The opposition Socialist Party -- the main challenger to Aznar's center-right Popular Party -- has raised the stakes by joining forces with the Communists for the first time since the bloody civil war of the 1930s.

Relations with moderate Basque nationalists, Aznar's parliamentary allies until last year, have broken down amid bitter recriminations over the latest deadly bombing campaign by the separatist group ETA.

Even more disconcerting, Aznar's lead in the polls -- averaging four to five percentage points -- looks too close for comfort with just three days to go before the general election.

That has contributed to unease in Aznar's camp, which had expected to coast to victory on the back of Spain's booming economy and its qualification for the euro zone.

Even the staunchly pro-Aznar newspaper El Mundo is now calling the outcome of the vote "up in the air".

Overhanging the final round of campaigning is the threat of further ETA violence. A new wave of attacks has claimed three lives since late January, putting the long-running separatist conflict back at the top of the political agenda.

Socialist candidate Joaquin Almunia has seized the chance to accuse Aznar of not doing enough to keep the Basque peace process alive.

But Aznar, who survived an ETA assassination attempt in 1995, believes his hardline stance against Basque separatists goes down well with the majority of Spanish voters.
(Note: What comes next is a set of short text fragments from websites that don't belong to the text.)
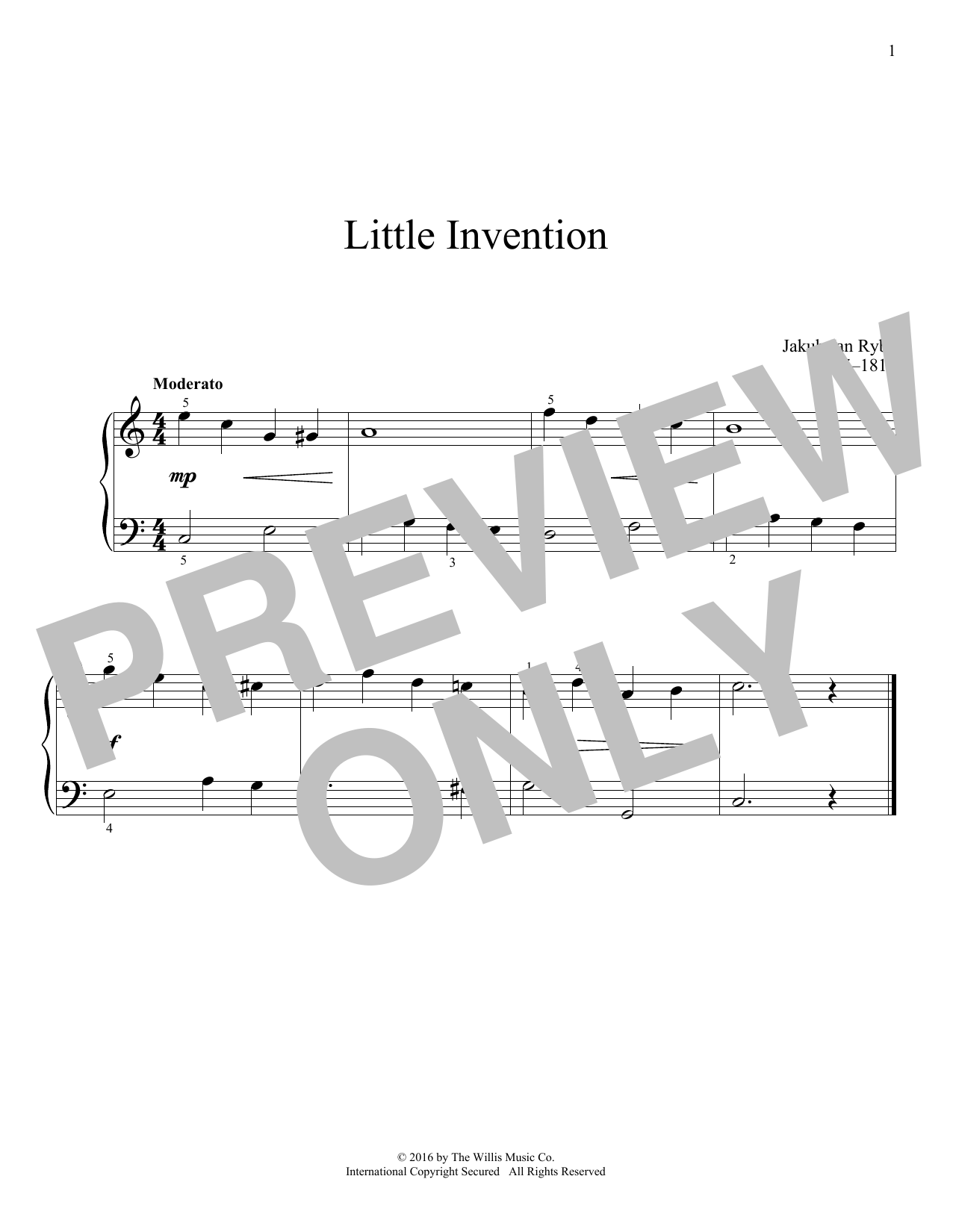 Jakub Jan Ryba Little Invention sheet music notes and chords. Download Printable PDF.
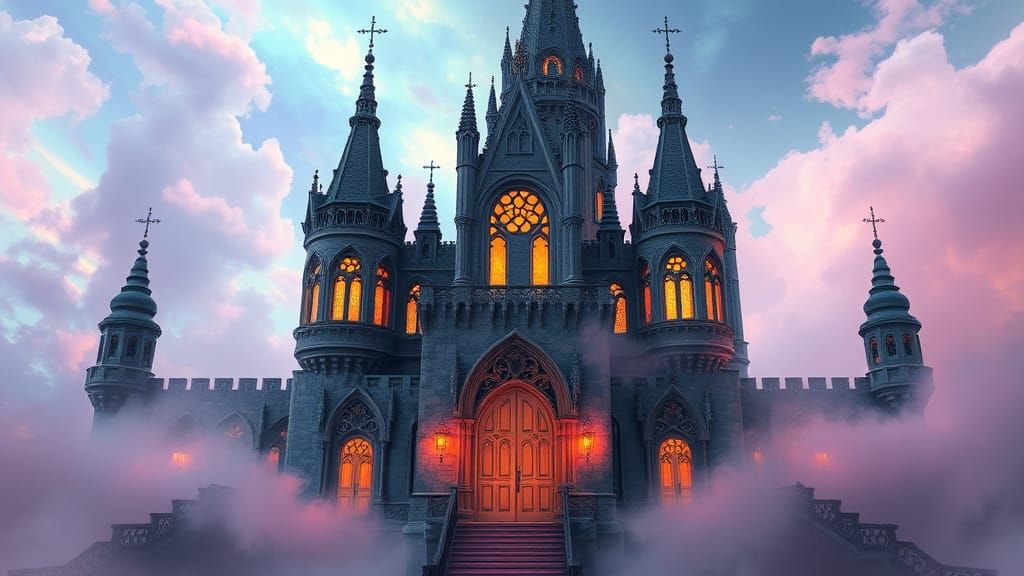 Surreal Castle Portal to Endless Possibilities in Iridescent...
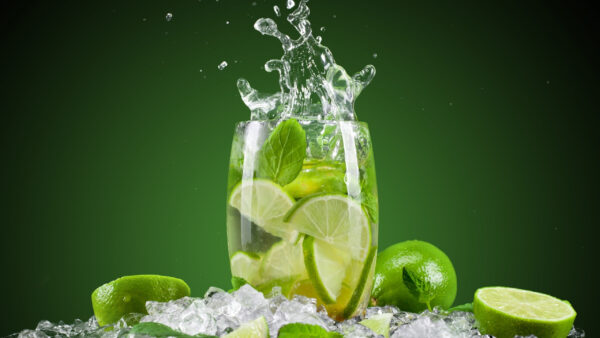 Wallpaper Green, Glass, Mojito, Drink, Clear, Bottle, Lemons, Cocktail, Cube, Ice, With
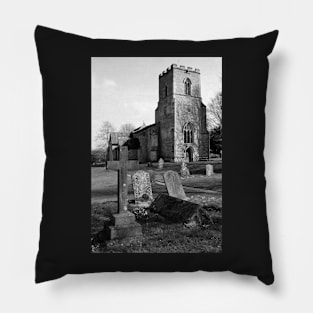 Hadstock Church in BW, Essex, UK Pillow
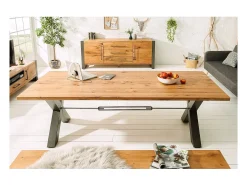 Mesa de comedor CAVARA – Roble salvaje y metal negro – 240 cm – Estilo industrial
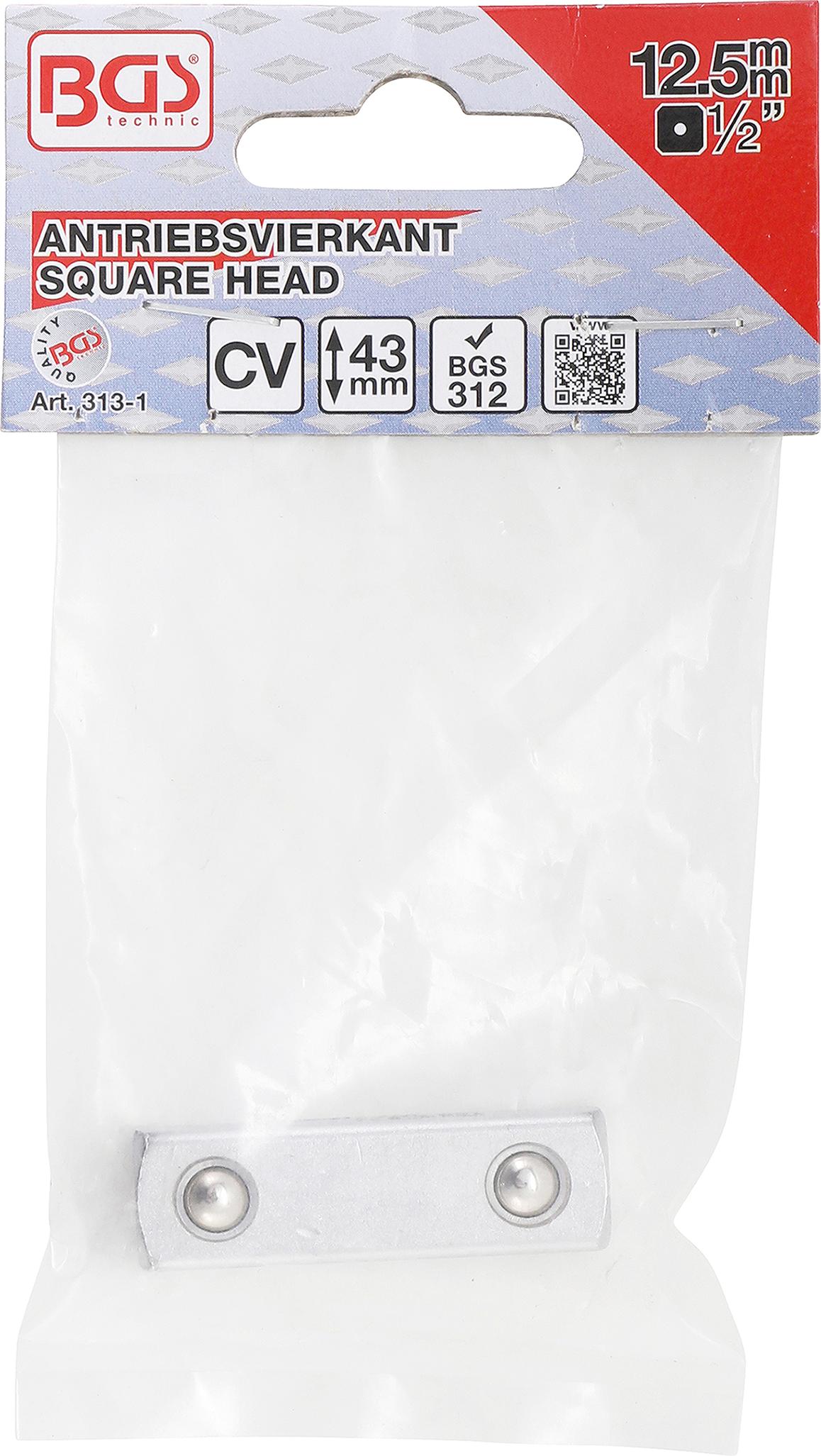 Adapteris | išorinis kvadratas 12,5 mm (1/2") | BGS 312 (313-1)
Despite that, most political analysts say ETA's attacks are unlikely to sway the election result because both major parties equally oppose the guerrillas' aim of Basque statehood.

It is the showdown between left and right that has turned the campaign into one of Spain's most bitterly fought election contests of recent times.

Aznar has harshly criticized the new alliance between the center-left Socialists and the Communist-led United Left coalition as a "throwback to the past" that would undermine economic stability.

Almunia accuses Aznar, who has worked to distance his party from the fascist legacy of the late dictator Francisco Franco, of reviving old conspiracy theories of a "red menace" lurking on the Spanish left.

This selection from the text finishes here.